Most modern color meters are Three Color Meters. Three color meters use three sensors, each filtered for one of the three primary colors of light: Red, Blue, and Green. These can read out both the Color Temperature and the Magenta-Green Correction (on the meters, this is called the CC value). They can be used for all light sources, and most can also read electronic flash.

Common examples of Three Color Meters are the Minolta Color Meter II, Minolta Color Meter IIIF, Kenko KCM-3100, and the Sekonic C-500. The Kenko KCM-3100 is actually the Minolta Color Meter IIIF. When Minolta stopped manufacturing photographic equipment, they sold their light meter division to Kenko, which renamed them and slightly changed the outside appearance of them.

These are all good meters, though I don't recommend the Sekonic C-500. Its low-light sensitivity is poor and it cannot read some incandescent lights because their color temperature is too low for it. I have one, and these issues have cropped up many times for me.

 

The Sekonic C-700 Spectrometer

The Sekonic C-700 is unique; it is a Spectometer that uses a CMOS sensor, like a digital camera uses, to analyze the light's spectral properties much more accurately than a Three Color Meter can.

Some of the C-700's features are fun if you're a geek like I am, but not really needed for photography. The best example being the Spectral Graph that it creates for each reading, so you can see what colors are present in what proportions in the light you're photographing under. This is actually useful for studio photographers, as it allows you to see if a light is capable of rendering accurate colors. Outside the studio, where we have to shoot with the light that is there, even if the light is bad, then we have to rely on the meter to give us white balance settings that will get us as close as possible to accurate color.

 

Spectral graph on the Sekonic C700 Spectrometer.

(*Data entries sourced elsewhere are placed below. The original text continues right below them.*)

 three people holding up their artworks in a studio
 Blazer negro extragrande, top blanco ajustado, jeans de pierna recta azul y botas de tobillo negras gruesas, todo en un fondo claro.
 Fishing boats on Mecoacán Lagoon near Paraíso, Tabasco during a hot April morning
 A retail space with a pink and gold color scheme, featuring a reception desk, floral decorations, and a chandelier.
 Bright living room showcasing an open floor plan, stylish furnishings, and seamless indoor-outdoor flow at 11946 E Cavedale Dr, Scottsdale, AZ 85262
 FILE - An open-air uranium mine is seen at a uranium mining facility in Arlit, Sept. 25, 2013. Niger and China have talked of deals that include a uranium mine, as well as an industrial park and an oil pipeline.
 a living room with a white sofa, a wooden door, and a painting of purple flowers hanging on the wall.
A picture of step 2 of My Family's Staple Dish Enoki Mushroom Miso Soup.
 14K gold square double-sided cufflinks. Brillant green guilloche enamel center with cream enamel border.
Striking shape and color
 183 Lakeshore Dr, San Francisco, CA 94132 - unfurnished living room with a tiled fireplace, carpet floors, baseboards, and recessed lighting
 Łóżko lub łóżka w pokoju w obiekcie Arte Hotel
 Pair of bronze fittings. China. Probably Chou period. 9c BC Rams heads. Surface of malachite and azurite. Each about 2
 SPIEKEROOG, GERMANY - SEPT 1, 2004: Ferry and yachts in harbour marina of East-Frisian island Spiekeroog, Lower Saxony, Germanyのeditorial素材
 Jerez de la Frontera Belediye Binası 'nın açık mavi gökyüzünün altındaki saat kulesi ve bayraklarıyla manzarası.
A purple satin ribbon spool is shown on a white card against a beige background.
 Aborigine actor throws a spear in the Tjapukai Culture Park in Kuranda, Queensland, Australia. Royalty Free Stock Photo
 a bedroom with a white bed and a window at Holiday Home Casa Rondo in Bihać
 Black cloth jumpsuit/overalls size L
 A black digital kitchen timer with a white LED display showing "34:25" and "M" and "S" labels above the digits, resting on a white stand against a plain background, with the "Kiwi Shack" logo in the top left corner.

Spectral graph for the fluorescent lights in my basement, measured by the Sekonic C-700. It shows the characteristic spikes in some colors and the red deficiency common to fluorescent tubes.

 

I prefer the C-700 over my other color meters because its low light sensitivity is very good, better than any other, and it is the most accurate one I have used.

 

Digital Mode and Film Mode?

Sekonic introduced a new feature with the C-500 that carried through to the later C-700 meters: a choice of metering for Film or for Digital. They gave little explanation about how the meters calculate their readings for the two modes, or how the readings would compare to those from other color meters, like the Minoltas, that do not offer these modes. I did extensive testing and comparisons of the two modes on my Sekonic meters, and compared them to the readings on my Minolta Color Meter IIIF.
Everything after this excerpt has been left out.